Brexit: ce qui attend le Royaume-Uni après un premier vote contre un "no deal" avec l'UE

Entrée de la chambre des Lords. - AFP PHOTO / JESSICA TAYLOR /UK PARLIAMENT
A tout seigneur, tout honneur. C'est à présent au tour des Lords britanniques d'entrer dans la danse infernale que sont devenues les tractations politiques autour du Brexit. Mercredi soir, la chambre des Communes a infligé à Boris Johnson deux défaites, plus prévisibles que le désaveu de la veille lors duquel le gouvernement avait perdu le contrôle de l'ordre du jour.
Les anti-"no deal" doivent encore convaincre l'Europe
Les députés ont rejeté le projet du Premier ministre de convoquer des élections générales anticipées pour se tirer enfin de l'ornière. L'ensemble de l'opposition, grossie des "rebelles tories", les conservateurs qui ont fait défection, a également voté par 327 voix contre 299 une motion repoussant du 31 octobre au 31 janvier la date butoir du Brexit sauf si un accord était trouvé avec l'UE d'ici aux derniers jours d'octobre.
Quoi qu'il arrive, il faudra déjà convaincre les 27 autres Etats-membres d'accepter un tel report. A en juger par la réaction française, il n'est pas dit que l'idée d'un nouveau délai suscite leur enthousiasme. Sur Radio Classique ce jeudi, Amélie de Montchalin, secrétaire d'Etat aux Affaires européennes, a posé que ça ne "changerait rien au problème", ajoutant: "Il faut que les Britanniques sachent nous dire ce qu'ils veulent".
Les Lords ont promis d'examiner le texte dans les temps
Sur la scène intérieure non plus, le texte anti-No Deal n'est pas encore gravé dans le marbre. Pour ce faire, il a besoin d'être adopté également par l'autre chambre de Westminster, la basse, celle des Lords, où les détracteurs de la ligne portée par Boris Johnson ont là aussi remporté un premier succès.
Certains d'entre eux craignaient que les aristocrates jouent la montre et délayent leurs discussions sans approuver définitivement le texte avant la suspension des travaux parlementaires, qui doit débuter la semaine prochaine et prendre fin au 14 octobre. Mais les Lords ont d'ores et déjà signifié qu'ils rendront leur décision dans les temps, à l'issue d'un débat qui les a mobilisés jusqu'à 1h30 ce jeudi matin, relaté ici par le Guardian.

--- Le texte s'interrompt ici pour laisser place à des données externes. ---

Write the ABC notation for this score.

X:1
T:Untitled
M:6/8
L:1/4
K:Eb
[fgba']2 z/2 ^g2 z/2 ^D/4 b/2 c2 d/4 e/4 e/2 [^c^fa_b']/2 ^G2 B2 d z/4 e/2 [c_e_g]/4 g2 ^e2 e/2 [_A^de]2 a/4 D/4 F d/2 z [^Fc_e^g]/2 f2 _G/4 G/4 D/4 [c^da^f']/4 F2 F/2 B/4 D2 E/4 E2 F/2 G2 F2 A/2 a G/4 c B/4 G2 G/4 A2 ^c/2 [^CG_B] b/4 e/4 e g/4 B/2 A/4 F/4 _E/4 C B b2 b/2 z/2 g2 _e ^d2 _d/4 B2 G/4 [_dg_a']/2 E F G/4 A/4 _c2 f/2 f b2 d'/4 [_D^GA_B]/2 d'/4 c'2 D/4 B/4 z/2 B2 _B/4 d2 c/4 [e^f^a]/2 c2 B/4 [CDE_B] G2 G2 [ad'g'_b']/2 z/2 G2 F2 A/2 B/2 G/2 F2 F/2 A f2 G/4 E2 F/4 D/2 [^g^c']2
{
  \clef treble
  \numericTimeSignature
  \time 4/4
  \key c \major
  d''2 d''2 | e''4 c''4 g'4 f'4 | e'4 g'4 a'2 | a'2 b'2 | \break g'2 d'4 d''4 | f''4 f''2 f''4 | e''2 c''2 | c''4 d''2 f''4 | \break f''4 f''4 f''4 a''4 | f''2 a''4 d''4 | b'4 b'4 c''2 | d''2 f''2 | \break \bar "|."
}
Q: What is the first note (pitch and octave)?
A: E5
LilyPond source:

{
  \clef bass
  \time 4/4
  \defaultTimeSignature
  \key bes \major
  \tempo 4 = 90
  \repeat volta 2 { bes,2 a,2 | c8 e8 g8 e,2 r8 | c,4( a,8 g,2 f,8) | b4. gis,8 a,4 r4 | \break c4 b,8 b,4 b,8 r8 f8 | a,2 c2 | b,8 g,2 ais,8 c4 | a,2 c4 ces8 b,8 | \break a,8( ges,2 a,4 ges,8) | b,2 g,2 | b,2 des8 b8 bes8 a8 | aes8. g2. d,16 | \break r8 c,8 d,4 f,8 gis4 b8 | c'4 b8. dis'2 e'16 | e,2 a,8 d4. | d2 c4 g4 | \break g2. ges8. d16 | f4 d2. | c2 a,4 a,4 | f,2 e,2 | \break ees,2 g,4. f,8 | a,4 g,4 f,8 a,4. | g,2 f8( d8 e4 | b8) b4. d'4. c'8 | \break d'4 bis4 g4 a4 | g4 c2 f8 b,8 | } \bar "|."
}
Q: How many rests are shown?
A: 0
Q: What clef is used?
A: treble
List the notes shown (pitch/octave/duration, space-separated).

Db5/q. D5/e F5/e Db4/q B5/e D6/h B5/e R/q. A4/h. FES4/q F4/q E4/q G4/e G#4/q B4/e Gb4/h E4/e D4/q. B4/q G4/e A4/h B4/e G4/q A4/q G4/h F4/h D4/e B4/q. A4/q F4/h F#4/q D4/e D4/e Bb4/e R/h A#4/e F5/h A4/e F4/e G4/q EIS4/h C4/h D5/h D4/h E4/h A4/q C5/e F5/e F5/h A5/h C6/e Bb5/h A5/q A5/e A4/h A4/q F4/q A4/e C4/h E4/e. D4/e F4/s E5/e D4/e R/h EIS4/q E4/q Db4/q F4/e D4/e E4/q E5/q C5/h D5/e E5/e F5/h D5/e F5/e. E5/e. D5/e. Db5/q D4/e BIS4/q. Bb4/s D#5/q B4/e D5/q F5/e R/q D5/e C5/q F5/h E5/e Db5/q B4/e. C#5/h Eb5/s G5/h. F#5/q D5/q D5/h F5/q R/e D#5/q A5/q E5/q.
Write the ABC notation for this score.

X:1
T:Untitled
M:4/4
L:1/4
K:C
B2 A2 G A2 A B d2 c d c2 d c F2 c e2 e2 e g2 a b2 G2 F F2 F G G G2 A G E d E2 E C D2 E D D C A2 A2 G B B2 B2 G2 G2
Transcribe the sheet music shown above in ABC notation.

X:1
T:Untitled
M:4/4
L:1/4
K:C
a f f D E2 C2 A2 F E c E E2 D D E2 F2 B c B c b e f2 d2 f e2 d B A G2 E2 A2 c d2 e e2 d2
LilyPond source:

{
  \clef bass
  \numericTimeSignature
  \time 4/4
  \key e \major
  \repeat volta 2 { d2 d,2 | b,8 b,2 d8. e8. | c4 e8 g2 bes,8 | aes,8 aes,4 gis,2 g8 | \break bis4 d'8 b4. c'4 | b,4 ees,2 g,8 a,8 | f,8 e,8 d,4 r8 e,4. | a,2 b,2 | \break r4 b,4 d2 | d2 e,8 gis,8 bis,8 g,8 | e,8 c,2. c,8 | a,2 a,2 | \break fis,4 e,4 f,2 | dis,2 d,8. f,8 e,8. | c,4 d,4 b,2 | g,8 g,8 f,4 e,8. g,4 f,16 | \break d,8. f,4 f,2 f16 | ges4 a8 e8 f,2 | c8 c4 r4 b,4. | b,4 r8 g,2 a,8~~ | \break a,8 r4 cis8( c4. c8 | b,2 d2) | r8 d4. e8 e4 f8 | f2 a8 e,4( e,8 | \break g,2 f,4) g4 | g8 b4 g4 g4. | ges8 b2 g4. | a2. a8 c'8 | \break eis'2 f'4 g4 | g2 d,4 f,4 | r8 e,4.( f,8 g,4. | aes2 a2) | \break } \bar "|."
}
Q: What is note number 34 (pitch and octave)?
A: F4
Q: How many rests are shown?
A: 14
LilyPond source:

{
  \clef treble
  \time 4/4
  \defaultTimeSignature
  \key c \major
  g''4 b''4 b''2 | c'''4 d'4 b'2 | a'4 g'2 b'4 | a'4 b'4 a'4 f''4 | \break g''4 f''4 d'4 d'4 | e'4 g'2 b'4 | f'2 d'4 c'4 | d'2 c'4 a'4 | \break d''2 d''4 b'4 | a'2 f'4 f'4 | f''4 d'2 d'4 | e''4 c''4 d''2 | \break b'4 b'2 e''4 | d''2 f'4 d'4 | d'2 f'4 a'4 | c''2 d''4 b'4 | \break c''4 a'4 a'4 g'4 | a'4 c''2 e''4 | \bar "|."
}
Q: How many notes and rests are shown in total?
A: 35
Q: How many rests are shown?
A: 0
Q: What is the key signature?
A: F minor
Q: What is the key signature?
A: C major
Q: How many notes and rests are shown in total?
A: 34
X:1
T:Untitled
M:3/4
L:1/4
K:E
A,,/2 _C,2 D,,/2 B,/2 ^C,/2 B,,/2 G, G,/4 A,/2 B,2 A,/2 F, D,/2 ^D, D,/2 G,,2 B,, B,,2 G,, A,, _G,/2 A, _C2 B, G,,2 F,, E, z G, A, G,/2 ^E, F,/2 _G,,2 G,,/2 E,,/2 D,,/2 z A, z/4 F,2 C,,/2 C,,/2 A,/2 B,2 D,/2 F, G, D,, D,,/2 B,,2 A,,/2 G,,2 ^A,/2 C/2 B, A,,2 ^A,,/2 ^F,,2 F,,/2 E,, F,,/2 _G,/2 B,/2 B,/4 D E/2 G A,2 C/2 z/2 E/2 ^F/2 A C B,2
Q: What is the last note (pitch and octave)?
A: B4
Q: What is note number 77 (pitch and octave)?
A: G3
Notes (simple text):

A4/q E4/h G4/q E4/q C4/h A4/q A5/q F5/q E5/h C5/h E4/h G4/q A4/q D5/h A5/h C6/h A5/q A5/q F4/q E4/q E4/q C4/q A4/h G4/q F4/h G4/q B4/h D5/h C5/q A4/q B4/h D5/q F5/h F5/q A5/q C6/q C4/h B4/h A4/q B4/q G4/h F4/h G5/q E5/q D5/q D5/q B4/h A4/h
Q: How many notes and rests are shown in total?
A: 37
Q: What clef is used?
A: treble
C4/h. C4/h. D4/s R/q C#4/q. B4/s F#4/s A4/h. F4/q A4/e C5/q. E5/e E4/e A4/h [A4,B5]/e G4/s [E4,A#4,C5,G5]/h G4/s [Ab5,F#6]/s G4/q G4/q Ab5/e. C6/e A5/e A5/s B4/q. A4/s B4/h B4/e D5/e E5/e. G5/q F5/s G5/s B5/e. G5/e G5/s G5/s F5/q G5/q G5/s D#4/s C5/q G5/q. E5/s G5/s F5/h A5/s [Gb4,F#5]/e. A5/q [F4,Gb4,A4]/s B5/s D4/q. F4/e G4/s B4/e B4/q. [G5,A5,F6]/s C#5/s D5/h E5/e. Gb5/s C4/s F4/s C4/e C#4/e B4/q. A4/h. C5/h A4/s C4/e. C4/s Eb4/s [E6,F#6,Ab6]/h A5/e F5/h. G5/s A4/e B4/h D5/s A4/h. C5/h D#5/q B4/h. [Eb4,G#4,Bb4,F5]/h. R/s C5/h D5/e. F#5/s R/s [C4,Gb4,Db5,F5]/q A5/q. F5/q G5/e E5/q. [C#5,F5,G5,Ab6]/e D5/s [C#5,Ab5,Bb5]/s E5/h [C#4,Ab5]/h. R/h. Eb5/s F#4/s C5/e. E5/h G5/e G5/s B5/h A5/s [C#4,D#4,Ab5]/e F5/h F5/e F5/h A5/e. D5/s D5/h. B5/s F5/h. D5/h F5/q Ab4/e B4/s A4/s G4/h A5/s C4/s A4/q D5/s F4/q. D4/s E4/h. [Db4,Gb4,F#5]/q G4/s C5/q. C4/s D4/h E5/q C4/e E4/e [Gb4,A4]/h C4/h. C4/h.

Lord Thomas Henry Ashton baron de Hyden, le whip en chef conservateur (la personne en charge de la discipline de parti au sein du Parlement) a déclaré que l'examen du texte serait mené ce jeudi et achevé d'ici vendredi 17 heures. Il reviendra alors à la chambre des Communes pour une ultime lecture. Celle-ci devrait avoir lieu lundi et la motion définitive présentée dans la foulée à la "Sanction royale", qui la transformera stricto sensu en loi.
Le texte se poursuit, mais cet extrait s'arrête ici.